Two of the weblogs I read regularly have quit publishing in the last few days. Both Sheila Viehl and Holly Lisle have decided they need to create an Internet-free zone to protect the work that really matters to them. I'll miss both sites, though it's a decision I certainly understand and respect.
I've been doing this for about two years, too, having gotten caught up in the same wave of weblogging that Holly and Sheila did. In that time, my business has become a lot more successful and I've become a lot busier. The long gaps between entries that regular readers may notice generally correspond to long stretches when I've been busy with other things. So this has me wondering if maybe it's time for me to quit, too.

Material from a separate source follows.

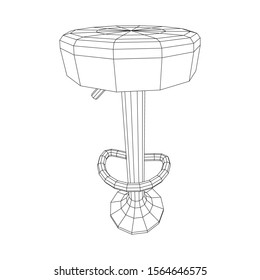 Retro vintage bar stool. High chair. Bar interior design. Wireframe low poly mesh vector illustration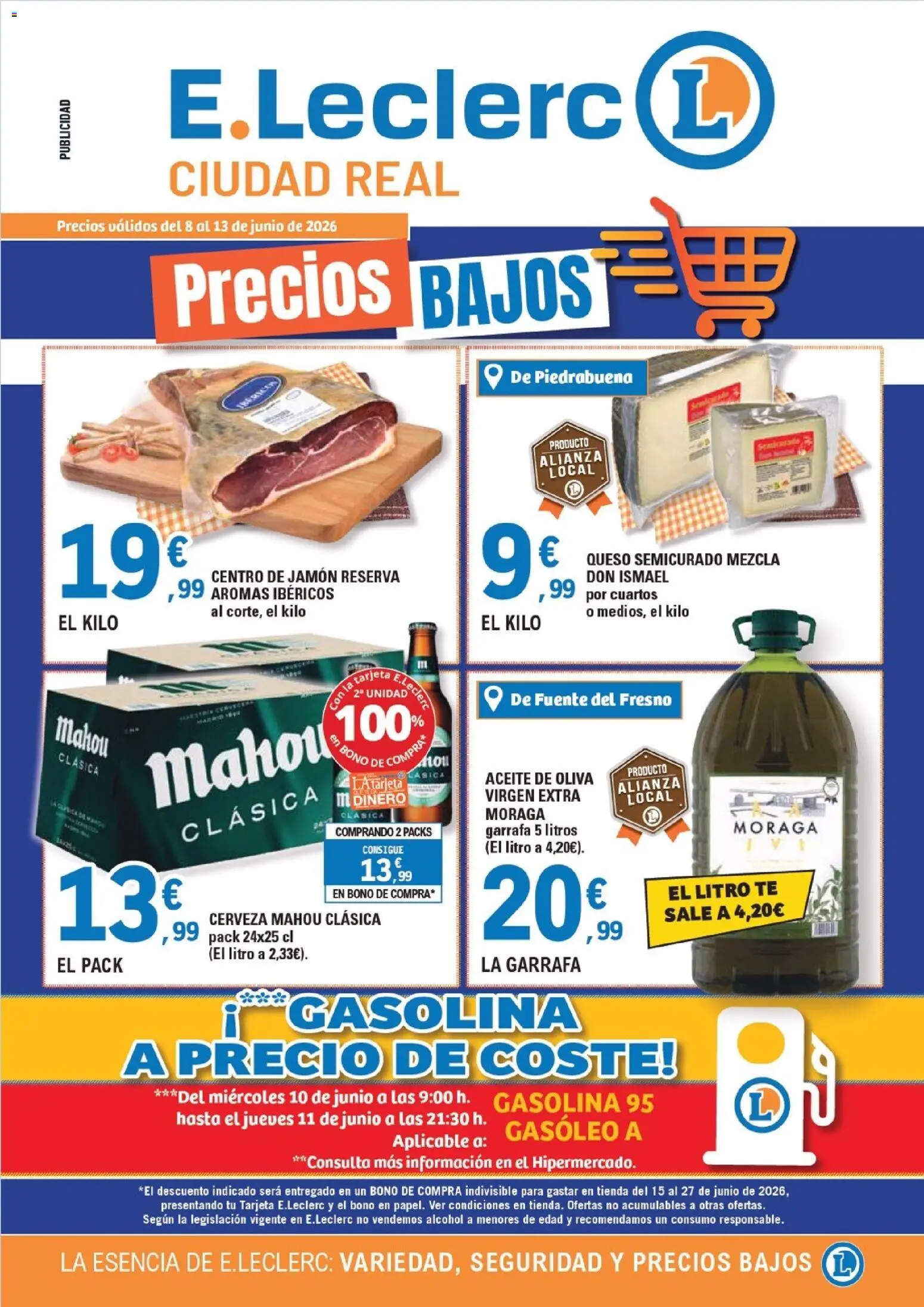 Vista previa del folleto de la tienda E.Leclerc válido desde el 08/06/2026 - Aceite de oliva, Té, Jamón, Queso, Cerveza, Aceite, Alcohol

And the answer comes back from my subconscious, "Not yet." Partly because I've always had a public persona--I worked as an editor before I launched Thin Film Manufacturing--and so I've got practice maintaining space between that persona and my private life. Partly because this site as a whole supports my business reasonably effectively, so I can justify the time I put into it. And perhaps partly because I don't get as much traffic as either Sheila or Holly, and therefore am not (yet) overwhelmed by comments and email.
All those are negative reasons, reasons not to quit. I try to avoid doing things out of inertia, so I need positive reasons to continue, too. Of those, probably the biggest is that the weblog gives me space for brief comments that I don't have time or energy to pursue in more depth. If I followed up on every tidbit about everything that I'm interested in, I'd spend my whole life dabbling in things and would never get a deeper understanding of anything. Goodness knows I'm prone to that already. So this is my space to say, "Hey, this is really interesting," my space to vent and grump and fume a little, my space to clear out the mental cobwebs so I can focus on larger efforts.
Julia Cameron's excellent book, The Artist's Way, recommends what she calls "morning pages" as a daily head clearing exercise. This weblog is much more self-conscious than true morning pages, which are emphatically not intended for public consumption. Still, the weblog serves much the same function.
I hope my daily ramblings are at least a little helpful to your day, but they're tremendously helpful to mine. So I'll be here a while.
People who think parking regulations don't apply to them are one of my pet peeves. So I really enjoyed this photo. No, that space in front of the fire hydrant wasn't reserved for you.
I really should read Corante more often. Every time I do, I find something interesting. In this case, it's a detailed analysis of "trusted computing," explaining why remote attestation in particular is a terrible idea.
Such projects make it clear that information creators no longer need to rely on distributors to reach an audience. Rather than trying to hold back the tide, publishers and other middlemen need to show that they add value for both creators and consumers.
Over the last couple weeks, I've been working on an article on advanced nonvolatile memories like FeRAM and MRAM. Betty Prince's book, Emerging Memories: Technologies and Trends, has been invaluable. As has my local university library. Even if I only use it a few times a year, my card there is a bargain compared to what all the resources it gives me access to would cost otherwise.
The Armistice that ended World War I was declared at 11 AM, November 11, 1918. Eighty-five years later, it's clear that the "war to end all wars" was only the beginning of a long and bloody century.
Words are starting to pile up again. 8105 since my last update, 222,195 since January 1.